Thanks to support from RED, Zeiss and Adobe, this year’s Emerging Pro contest was a huge success. It was the most unique contest we’ve ever put together. The contest was open to still photographers, as well as filmmakers, and it was promoted to readers of Digital Photo Pro and HDVideoPro magazines. The competition was held in two distinct stages. The first was an open submission period during which time entrants were encouraged to submit a project they had previously completed. We reviewed and evaluated those submissions, and from all of the entries, we selected a group of Finalists who were given a RED EPIC camera and four weeks to shoot and submit an original project.
Like being on the infamous TV show, Chopped, being selected as a Finalist was only part of the battle. The few who made it through the first stage had to deliver something completely new on an extremely tight deadline. As we go to press, the final judging and verification stages of the 7th Annual Emerging Pro contest are happening. You can see all of the final projects at http://www.digitalphotopro.com/7th-annual-emerging-pro/finalists.html. In this issue, we highlight a few of the finalists and ask them about the projects they submitted.

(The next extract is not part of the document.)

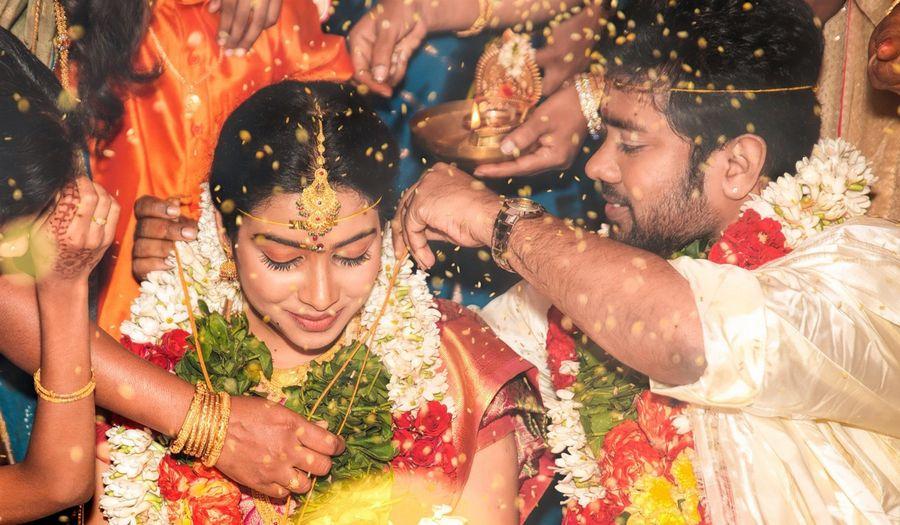 Bichagadu Actress Satna Titus-KR Films Karthik Marriage Photos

FILMMAKER: Christoph Gelfand
DPP: What’s the story behind Farm?
Christoph Gelfand: For years my friend, Robin, has been a wanderer. Although she’s a terrifically gifted artist and writer, she has been moving from farm to farm all over the U.S. and abroad. There’s a freedom to her travels that I’ve always admired, being a more stationary sort myself, to some extent. I wanted to capture Robin for who she is, while also expanding upon her experience on the farm. The goal was to show Robin without really showing her face too much or seeing her speak on camera. I wanted to create something more ethereal.
I’ve visited the farm Robin works a number of times. We’d spend hours listening to the wind through the trees or jumping in the river. There’s no Internet and her cabin is completely solar-powered so you feel pretty close to living off the grid. I noticed that I felt different on the farm, and it seemed like a compelling challenge to bring to the screen this feeling the environment evoked. The operative word was "simple." Simple is a way of life on the farm. Things happen slower, and you appreciate sounds and weather in a unique way. I knew I could just talk to Robin and find the story in her words. I imagined something in the style of Terrence Malick that would allow words and sounds to meld together, and for the most part, I think I achieved that.

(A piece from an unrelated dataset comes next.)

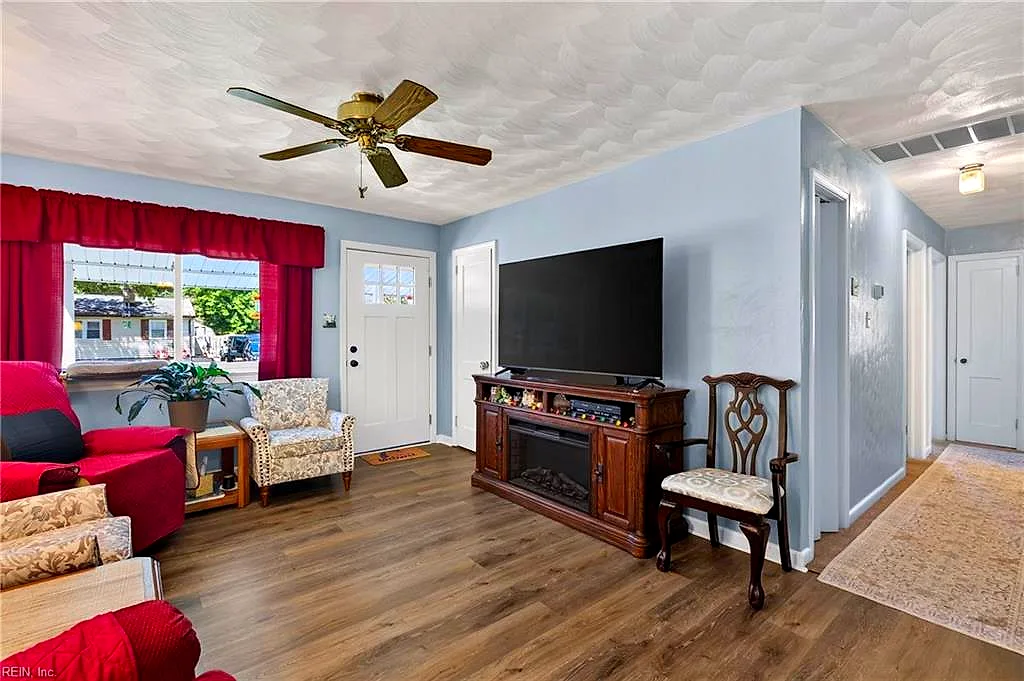 809 Clay Ave, Chesapeake — photo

DPP: You were given a very short window to create this video. How did you manage your time? What was your workflow like?
Gelfand: Honestly, the short timeline definitely freaked me out a little! I’ve worked with EPIC and SCARLET cameras on set, but I’ve never operated one solo. So there was this initial sense that with shooting, then processing, then transcoding, then editing, then mixing that there simply wouldn’t be enough time. I was really surprised at how easily the shoot went. The piece was shot in two days and then transcoded and processed the next day and night. I shot on a Friday and Saturday and was editing by Monday. I actually cut the piece over the course of three days and nights, and then spent about a week tweaking.
DPP: Did you come up with the idea for this project specifically for this contest, or was this a piece you already had in mind and you took this opportunity to create it?

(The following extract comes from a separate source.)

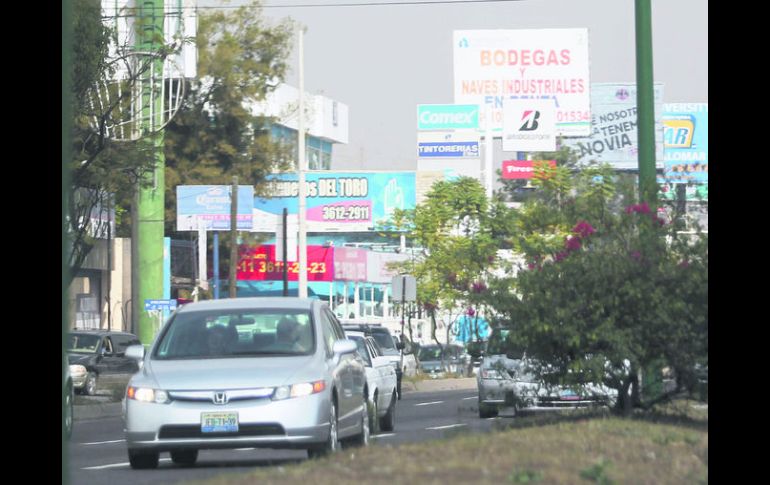 Anuncios. En Guadalajara, el mayor número de espectaculares está la Avenida Lázaro Cárdenas. EL INFORMADOR / A. Hinojosa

Gelfand: I did create this piece specifically for this project. In fact, it was really a breath of fresh air being able to autonomously plan and process a film from beginning to end, again, without clients or any other outside influence. It has been awhile since I’ve been able to really focus on pieces that were dedicated to the art and craft of filmmaking as opposed to any promotional goals. It was a lot of fun to just play around and shoot. Very fulfilling!